The Perl Toolchain Summit needs more sponsors. If your company depends on Perl, please support this very important event.

LWPng

This note describe the redesign of the LWP perl modules in order to add full support for the HTTP/1.1 protocol. The main change is the adoption of an event driven framework. This allows us to support multiple connections within a single client program. It was also a prerequisite for supporting HTTP/1.1 features like persistent connections and pipelining.

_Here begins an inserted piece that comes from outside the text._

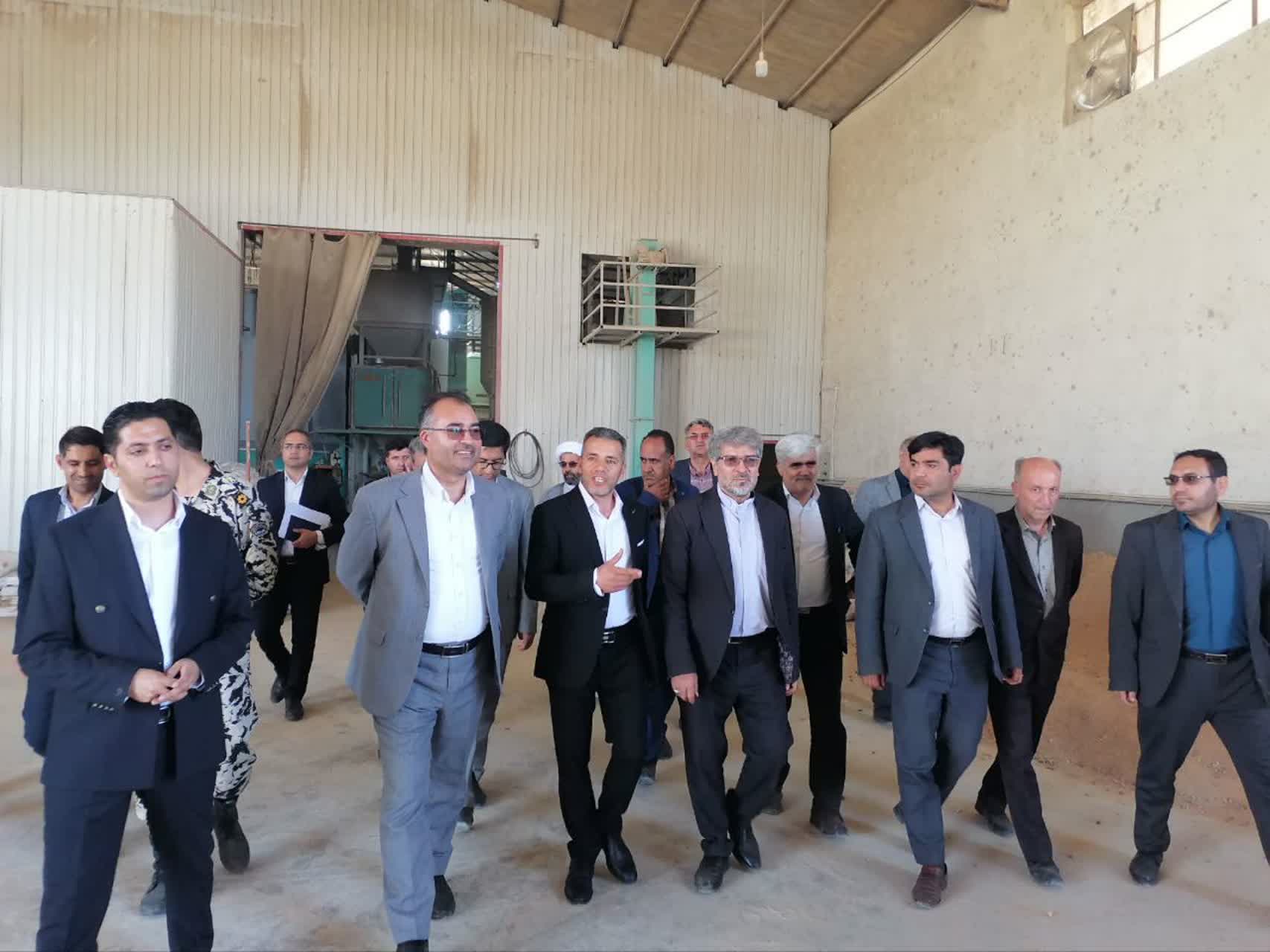 بازدید مسئولان ارشد از طرح‌های تولیدی، کشاورزی و عمرانی شهرستان چهاربرج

This note assume that you are familiar with the concepts and programming interface of the previous versions of the libwww-perl modules (referred to as "LWP5" below). LWPng will probably become LWP6 when it is ready for general use.

HTTP/1.1

RFC 2068 is the proposed standard for the Hypertext Transfer Protocol version 1.1, usually denoted HTTP/1.1. The document is currently revised by the IETF and a draft standard document is expected soon?? The latest draft is currently <draft-ietf-http-v11-spec-rev-03.txt>

The HTTP/1.1 protocol use the same basic message format as earlier versions of the protocol and HTTP/1.1 clients/servers can easily adopt to peers which only know about the older versions of the protocol. HTTP/1.1 adds some new methods, some new status codes, and some new headers (it also eliminates some old unused or broken headers). One important change is that the Host header is now mandatory which make it possible to serve multiple domains from a single server without allocating a new IP-address to each. Another change is support for partial content. The support for caching and proxies has also been much improved on. There is also a standard mechanism of switching from HTTP/1.1 to some other (hopefully more suitable) protocol on the wire.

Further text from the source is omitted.